Task description » Below are records; the lines starting at the one with "Toyota Corolla E210" and ending at the one with "KÜLSÕ féltengely csukló" must be reproduced exactly, both included. Pictures must not appear.

Record set »

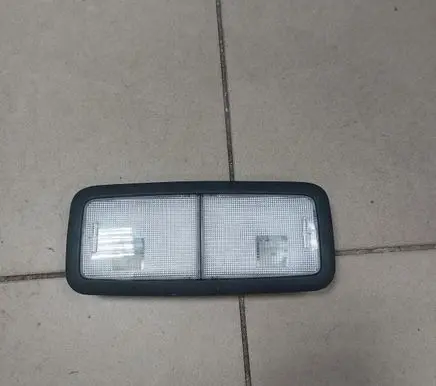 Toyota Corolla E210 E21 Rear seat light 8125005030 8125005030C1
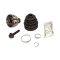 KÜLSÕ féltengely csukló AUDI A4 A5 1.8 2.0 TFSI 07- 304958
* * *
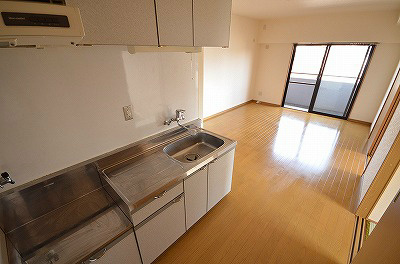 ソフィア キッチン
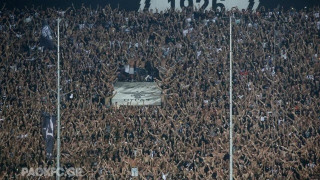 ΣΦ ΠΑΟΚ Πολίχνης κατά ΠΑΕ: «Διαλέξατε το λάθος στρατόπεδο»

Answer to this exercise »
 Toyota Corolla E210 E21 Rear seat light 8125005030 8125005030C1
 KÜLSÕ féltengely csukló AUDI A4 A5 1.8 2.0 TFSI 07- 304958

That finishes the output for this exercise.